“In my late teenage years, I just got deep, deep, deep into hardcore. I certainly would listen to other stuff— like Billy Bragg and the Smiths— but by the end of the 80s, it was 90% hardcore. The concerns of a lot of New York hardcore was so immediate to my life, especially when you think about that era of straight edge, which I was into. This isn’t meant to be a diss to straight edge, but it’s so perfectly tailored to a late-high-school-aged kid who’s actually confronting all of these issues about drinking and coolness and peer pressure. I think that’s probably why I clung to it so intensely. When you hit those later teenage years, you find those things that you can connect with more deeply and you start to develop your own identity.”—
I have always been so confused by straight edge kids, I never knew many, but if I ever them “why straight edge?” they would never give straight answer. Maybe they just don’t know (at least not at the time), but doesn’t make it a bad thing.

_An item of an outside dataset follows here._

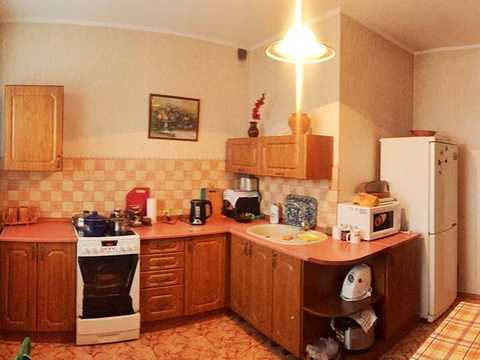 квартира за адресою Саперно-Слобідська вул., 8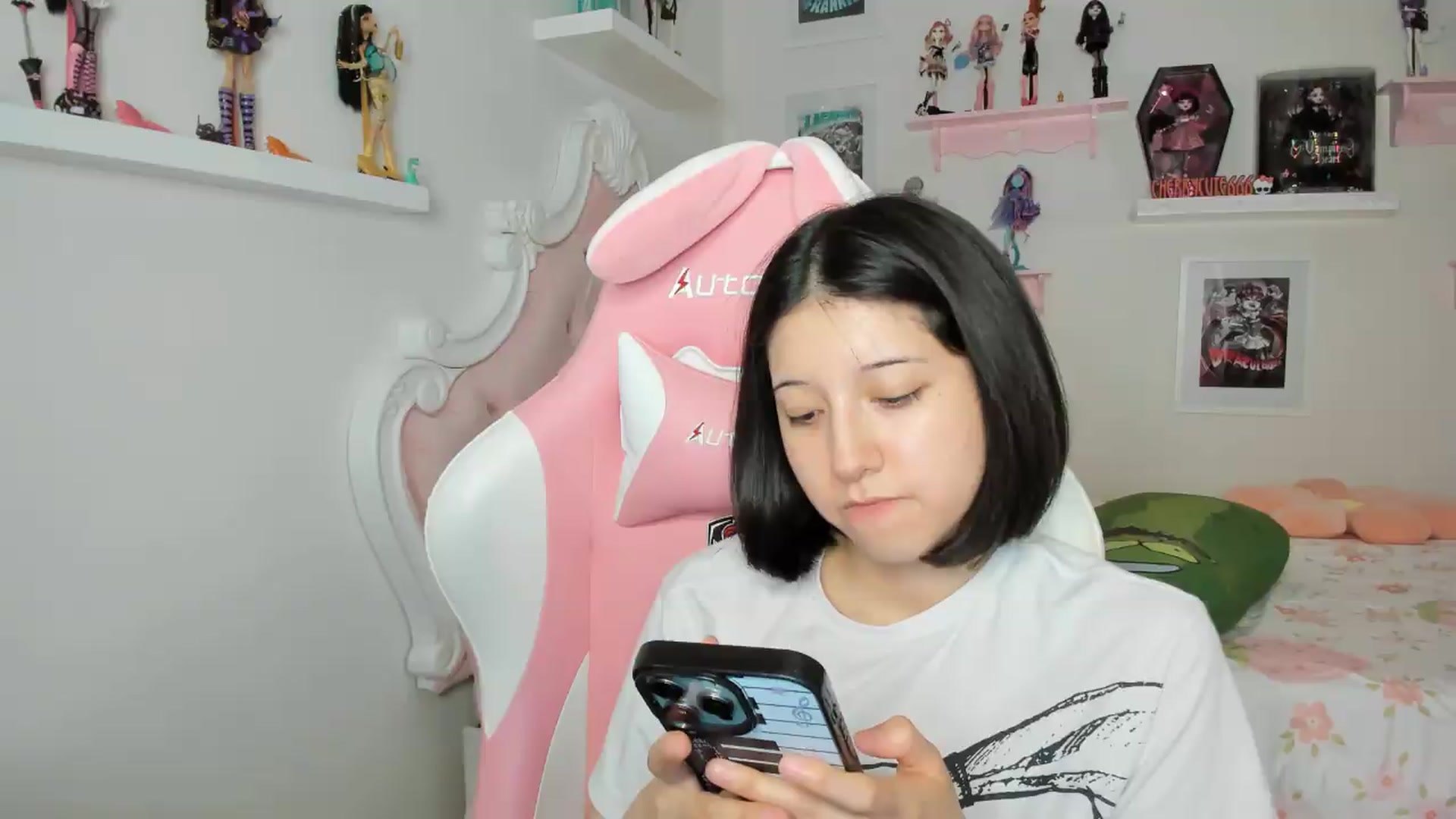 Gallery image thumbnail from Cherrycute666's myfreecams stream on, 07/28/2026, 06:55 image 13 of 20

“Everybody is a contradiction of themselves and not only is that not a problem, it’s a beautiful thing. People should be contradictions. If you’re not, it means you’re not evolving or becoming a better person. We talked about, as people, just about trying and becoming a better person. It comes through in the music. It’s just unapologetic: Don’t apologize for being whoever you are, whoever you are.”—Justin Vernon talks Yeezy. (via rach)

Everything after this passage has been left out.